Encyclopedia of Shinto
詳細表示 (Complete Article)
|カテゴリー1：||5. Rites and Festivals|
|カテゴリー2：||Individual Shrine Observances|
A shinkōsai (processional festival) held from March 18 to 23 at Keta Jinja, Hakui City, Ishikawa Prefecture. The festival name is also read heikokusai. It is a rite that recollects the territorial pacification exploits of the saijin (main enshrined kami) Ōnamuchinomikoto. A grand procession with a shinme (a horse upon which the kami rides) at the head makes a round trip from Keta Shrine to Ikukunitamahiko Shrine in Nanao City, a trip of a hundred and several tens of kilometers lasting five nights and six days. It is said that spring comes to the Noto region with this festival. Although in former times this used to be a rite in which a shin'yo (sacred palanquin) processed around the entire province, it is now limited to the counties of Hakui and Kajima. In the procession the shinme is in the lead, with long-handled scythes, shrine name flags, rice chests, standards, shishinboko (four-kami pikes), bows and arrows, kunimuke hiroboko (wide-bladed kunimuke halberds), and mounted priests in front and behind, protecting the shin'yo. On the first day it travels around the northern area of Hakui County, stopping at Takiya Shrine in Hakui Town. On the second day, the procession moves around the southern area and stops over night at the Inoyama Shrine in Inoyama Town. On the third day it enters Kajima District and proceeds to the Noto Ikukunitamahiko Shrine. This is another name for Keta Jingū and is regarded as its original shrine. When the shin'yo enters the shrine the people who have been accompanying it raise a shout and pour into the shrine precincts (keidai). The mounted priests proceed into the grounds as well. However, in recent years, it is said that if they fall off their horses there will be an abundant harvest, so it has become quite wild. On the fourth day they begin their return journey from Nanao to Kajima County, stopping at Shirahiko Shrine in Toriya Town. On the fifth day they pass through the towns in the Noto area on their return to the main shrine (honsha). This is also called the oide matsuri (Departure Festival). The shin'yo is enshrined in the haiden (worship hall) until the Oisumi reisai (annual festival) on April 3. Another name for this (latter) festival is the Eye of the Snake Rite (Ja no me shinji) in which a snake eye target representing the great serpent that Ōnamuchinomikoto vanquished is destroyed with long swords, halberds and bows and arrows.

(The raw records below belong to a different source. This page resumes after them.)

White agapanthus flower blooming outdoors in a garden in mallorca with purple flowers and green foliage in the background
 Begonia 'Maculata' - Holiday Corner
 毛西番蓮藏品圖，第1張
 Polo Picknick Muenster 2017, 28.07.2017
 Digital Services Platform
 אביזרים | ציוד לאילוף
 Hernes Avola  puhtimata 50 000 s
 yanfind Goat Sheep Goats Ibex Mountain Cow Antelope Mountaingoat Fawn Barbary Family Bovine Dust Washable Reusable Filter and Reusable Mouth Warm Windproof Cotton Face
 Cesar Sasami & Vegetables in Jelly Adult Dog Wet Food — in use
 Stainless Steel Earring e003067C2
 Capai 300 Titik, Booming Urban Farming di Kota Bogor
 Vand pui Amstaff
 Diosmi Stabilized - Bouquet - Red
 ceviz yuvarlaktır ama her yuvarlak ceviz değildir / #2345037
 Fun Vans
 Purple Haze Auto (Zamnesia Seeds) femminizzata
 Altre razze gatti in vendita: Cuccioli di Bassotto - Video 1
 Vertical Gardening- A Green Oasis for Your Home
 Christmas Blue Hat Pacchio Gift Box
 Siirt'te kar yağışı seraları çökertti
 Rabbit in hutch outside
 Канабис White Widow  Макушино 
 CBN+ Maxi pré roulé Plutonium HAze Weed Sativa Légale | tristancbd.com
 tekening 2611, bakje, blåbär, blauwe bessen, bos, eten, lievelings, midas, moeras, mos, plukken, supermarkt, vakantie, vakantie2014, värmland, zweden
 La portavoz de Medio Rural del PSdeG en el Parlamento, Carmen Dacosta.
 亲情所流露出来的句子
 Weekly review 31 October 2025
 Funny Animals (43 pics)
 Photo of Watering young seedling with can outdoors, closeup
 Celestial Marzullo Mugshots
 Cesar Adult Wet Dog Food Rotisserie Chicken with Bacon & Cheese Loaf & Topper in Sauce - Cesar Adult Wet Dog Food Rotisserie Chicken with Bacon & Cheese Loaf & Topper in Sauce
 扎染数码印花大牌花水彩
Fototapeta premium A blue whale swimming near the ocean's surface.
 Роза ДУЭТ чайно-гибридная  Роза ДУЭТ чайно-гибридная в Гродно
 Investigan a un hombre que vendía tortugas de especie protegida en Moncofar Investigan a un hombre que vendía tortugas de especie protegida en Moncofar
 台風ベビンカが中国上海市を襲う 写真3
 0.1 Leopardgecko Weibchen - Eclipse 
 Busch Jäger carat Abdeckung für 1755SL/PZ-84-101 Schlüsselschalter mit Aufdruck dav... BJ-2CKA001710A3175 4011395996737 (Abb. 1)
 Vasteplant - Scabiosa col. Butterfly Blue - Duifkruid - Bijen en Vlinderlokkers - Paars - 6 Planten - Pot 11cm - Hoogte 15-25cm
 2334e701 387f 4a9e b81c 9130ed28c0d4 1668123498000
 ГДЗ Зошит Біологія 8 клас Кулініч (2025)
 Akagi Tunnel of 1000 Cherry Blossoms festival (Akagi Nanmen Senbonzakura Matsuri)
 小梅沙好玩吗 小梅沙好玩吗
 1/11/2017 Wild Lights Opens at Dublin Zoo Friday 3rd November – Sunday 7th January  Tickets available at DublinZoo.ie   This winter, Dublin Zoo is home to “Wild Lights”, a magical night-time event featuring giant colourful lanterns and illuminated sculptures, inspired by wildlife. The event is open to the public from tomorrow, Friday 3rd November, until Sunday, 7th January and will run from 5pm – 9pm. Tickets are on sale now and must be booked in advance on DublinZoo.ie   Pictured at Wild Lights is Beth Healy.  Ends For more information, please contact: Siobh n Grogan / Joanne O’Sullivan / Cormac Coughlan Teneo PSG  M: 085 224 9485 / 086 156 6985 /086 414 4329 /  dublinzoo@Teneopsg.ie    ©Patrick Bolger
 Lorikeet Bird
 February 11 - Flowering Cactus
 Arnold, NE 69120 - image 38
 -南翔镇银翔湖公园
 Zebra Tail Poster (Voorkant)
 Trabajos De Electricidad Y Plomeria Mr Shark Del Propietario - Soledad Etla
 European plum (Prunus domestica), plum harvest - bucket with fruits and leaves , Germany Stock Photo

There is a kunimuke festival on May 21 at Hiraoka Jinja in Higashi Osaka City, Osaka Prefecture. In addition to the main ritual observance, at present the priests merely wave and offer halberds to the kami. The rite is said to originate in the myth relating the occasion of Nagasunehiko's prevention of Emperor Jinmu's eastern movement over Ikoma Mountain during the latter's pacification campaign of the Yamato region. Formerly there was a ceremonial event in which participants went into the mountains in the evening to collect wood. Then they ran around striking the shrine buildings and the worship hall with the collected wood before returning home. In pre-modern times this occurred on February 1, but was abolished with the Meiji Resoration. It was revived in the seventh year of the Taishō era (1918), and since then has been observed on the present festival day.